AdaptiveRandomForest

Repository for the AdaptiveRandomForest (also known as ARF) algorithm implemented in MOA 2016-04

The Adaptive Random Forest (ARF) algorithm is going to be available as an extension to MOA in the future. Until that, you may use this repository to have access to its source code or to an executable MOA-2016-04 jar.

The Adaptive Random Forest algorithm has been added to the MOA main code as of July 2017. The code has been updated in here as well to make it clearer and aligned with the code in MOA. The main change is that now ARF uses ChangeDetector abstract class, which allows more flexibility while selecting the drift and warning detection algorithms.
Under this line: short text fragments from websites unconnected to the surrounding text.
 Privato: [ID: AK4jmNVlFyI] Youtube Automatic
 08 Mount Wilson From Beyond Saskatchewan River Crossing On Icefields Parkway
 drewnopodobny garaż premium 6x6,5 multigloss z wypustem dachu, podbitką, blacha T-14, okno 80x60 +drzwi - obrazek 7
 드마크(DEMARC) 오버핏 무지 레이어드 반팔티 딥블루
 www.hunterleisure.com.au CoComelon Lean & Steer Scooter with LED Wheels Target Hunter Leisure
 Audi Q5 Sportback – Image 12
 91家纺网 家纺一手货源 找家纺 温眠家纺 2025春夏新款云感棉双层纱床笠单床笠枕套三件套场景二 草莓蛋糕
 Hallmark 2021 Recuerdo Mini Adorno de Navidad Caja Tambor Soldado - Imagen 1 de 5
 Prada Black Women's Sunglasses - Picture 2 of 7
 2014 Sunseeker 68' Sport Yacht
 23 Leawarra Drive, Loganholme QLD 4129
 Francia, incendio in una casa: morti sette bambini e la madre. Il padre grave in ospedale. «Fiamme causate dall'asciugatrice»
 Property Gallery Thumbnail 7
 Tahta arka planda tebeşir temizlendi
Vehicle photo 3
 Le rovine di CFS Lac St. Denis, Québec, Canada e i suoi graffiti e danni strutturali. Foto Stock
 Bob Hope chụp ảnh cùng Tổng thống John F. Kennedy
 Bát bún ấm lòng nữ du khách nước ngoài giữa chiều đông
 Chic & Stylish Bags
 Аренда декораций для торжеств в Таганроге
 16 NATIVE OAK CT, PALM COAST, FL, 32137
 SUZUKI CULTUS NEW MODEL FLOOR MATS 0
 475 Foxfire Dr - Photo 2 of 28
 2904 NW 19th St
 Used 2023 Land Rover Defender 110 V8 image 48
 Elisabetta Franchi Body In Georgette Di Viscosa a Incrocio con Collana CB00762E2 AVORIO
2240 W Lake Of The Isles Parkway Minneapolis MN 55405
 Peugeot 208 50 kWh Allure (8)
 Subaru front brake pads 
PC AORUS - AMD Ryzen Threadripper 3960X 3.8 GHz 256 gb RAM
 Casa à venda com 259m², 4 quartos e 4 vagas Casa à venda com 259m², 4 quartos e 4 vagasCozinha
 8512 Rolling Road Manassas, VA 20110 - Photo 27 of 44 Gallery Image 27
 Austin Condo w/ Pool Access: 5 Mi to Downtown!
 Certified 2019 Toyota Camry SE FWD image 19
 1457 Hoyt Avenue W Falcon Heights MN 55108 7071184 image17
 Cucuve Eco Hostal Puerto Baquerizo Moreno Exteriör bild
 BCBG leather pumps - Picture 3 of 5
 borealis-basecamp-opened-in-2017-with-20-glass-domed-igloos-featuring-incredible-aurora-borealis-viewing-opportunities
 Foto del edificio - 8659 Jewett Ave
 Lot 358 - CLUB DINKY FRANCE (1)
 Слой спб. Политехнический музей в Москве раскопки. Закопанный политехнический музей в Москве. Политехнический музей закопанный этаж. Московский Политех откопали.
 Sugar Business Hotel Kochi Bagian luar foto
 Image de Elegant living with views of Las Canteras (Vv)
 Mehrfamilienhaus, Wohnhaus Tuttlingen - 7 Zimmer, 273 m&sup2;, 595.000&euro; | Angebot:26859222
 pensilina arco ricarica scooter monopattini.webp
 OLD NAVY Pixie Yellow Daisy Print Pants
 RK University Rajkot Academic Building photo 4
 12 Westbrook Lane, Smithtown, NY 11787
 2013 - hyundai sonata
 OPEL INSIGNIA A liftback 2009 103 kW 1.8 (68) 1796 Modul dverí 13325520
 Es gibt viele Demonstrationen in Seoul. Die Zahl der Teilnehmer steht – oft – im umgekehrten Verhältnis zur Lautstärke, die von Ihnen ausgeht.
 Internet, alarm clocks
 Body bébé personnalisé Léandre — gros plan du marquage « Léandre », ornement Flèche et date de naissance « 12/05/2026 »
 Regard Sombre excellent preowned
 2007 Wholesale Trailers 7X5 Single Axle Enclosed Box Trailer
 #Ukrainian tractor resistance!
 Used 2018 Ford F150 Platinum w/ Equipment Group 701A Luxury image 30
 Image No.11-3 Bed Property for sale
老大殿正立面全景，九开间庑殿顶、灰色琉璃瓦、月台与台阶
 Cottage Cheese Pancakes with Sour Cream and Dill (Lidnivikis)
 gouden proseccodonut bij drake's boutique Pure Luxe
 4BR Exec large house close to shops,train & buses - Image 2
For more informations about MOA, check out the official website: http://moa.cms.waikato.ac.nz

Citing AdaptiveRandomForest

To cite this ARF in a publication, please cite the following paper:

Heitor Murilo Gomes, Albert Bifet, Jesse Read, Jean Paul Barddal, Fabricio Enembreck, Bernhard Pfharinger, Geoff Holmes, Talel Abdessalem. Adaptive random forests for evolving data stream classification. In Machine Learning, DOI: 10.1007/s10994-017-5642-8, Springer, 2017.

Important source files

If you are here, then you are probably looking for the implementations used in the original AdaptiveRandomForest paper, which are:

  • AdaptiveRandomForest.java: The ensemble learner AdaptiveRandomForest
  • ARFHoeffdingTree.java: The base tree learner used by AdaptiveRandomForest
  • EvaluatePrequentialDelayed.java: The evaluation task that includes a k delay
  • EvaluatePrequentialDelayedCV.java: Similar to EvaluatePrequentialDelayed.java, however it simulates Cross-validation.

How to execute it

To test AdaptiveRandomForest in either delayed or immediate setting execute the latest MOA jar. You can copy and paste the following command in the interface (right click the configuration text edit and select "Enter configuration”). Sample command:

EvaluatePrequentialDelayedCV -l (meta.AdaptiveRandomForest -s 100) -s ArffFileStream -e BasicClassificationPerformanceEvaluator -f 100000000

Explanation: this command executes a 10 fold cross-validation delayed prequential evaluation on ARF with 100 classifiers (-s 100) using m = sqrt(total features) + 1 (default option, see parameter -o for others) on the ELEC dataset (-f elecNormNew.arff). Make sure to extract the elecNormNew.arff dataset, and setting -f to its location, before executing the command.

Datasets used in the original paper

The real datasets are compressed and available at the root directory. The synthetic datasets configurations are available at SYNTHETIC_STREAMS.txt, also on the root directory.